The Star's issue of concern about the new cabinet is the number of women President Uhuru Kenyatta appointed. It observes that they are sixth; only one more to the tally of five in the outgoing Cabinet.and short of the two-third gender threshold set by the Constitution.

Another issue raised by the Nation is President Kenyatta’s ending of speculation that he could accommodate the Opposition, whose leaders have been clamouring for dialogue and inclusivity. According to the paper, the appointments came on a day the Opposition National Super Alliance declared that its leaders, Raila Odinga and Kalonzo Musyoka won the August 8 presidential election.

Daily Nation says the announcement was in preparation for their planned swearing-in ceremony, scheduled on Tuesday which the government has reportedly declared to be both illegal and treasonous.


In South Africa, the Times leads with a statement from the Revenues Service known as SARS, that it had decided to send the taxman to church to investigate religious institutions for possible tax non-compliance.
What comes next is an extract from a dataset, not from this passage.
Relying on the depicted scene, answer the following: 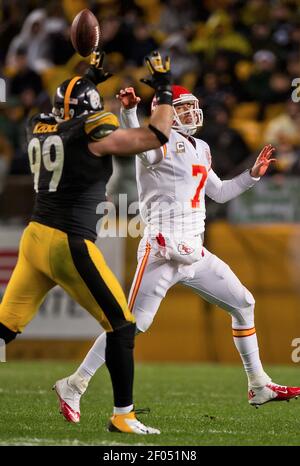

The move follows findings last year by the country's Commission for the Protection of the Rights of Cultural‚ Religious and Linguistic Communities that the peoples' belief system was being abused by profit-making and tax-evading religious practitioners.


And in Nigeria, ThisDay has a shock announcement by President Muhammadu Buhari about the sorry state of the country’s four refineries. The facilities based in Warri, Port Harcourt and Kaduna were reportedly branded as a disgrace by the President frustrated by their low productivity.

According to ThisDay Buhari was informed at a meeting with a delegation of oil producers in Abuja that the the refineries are working at below half their capacity and are unable to satisfy the demand of the local market.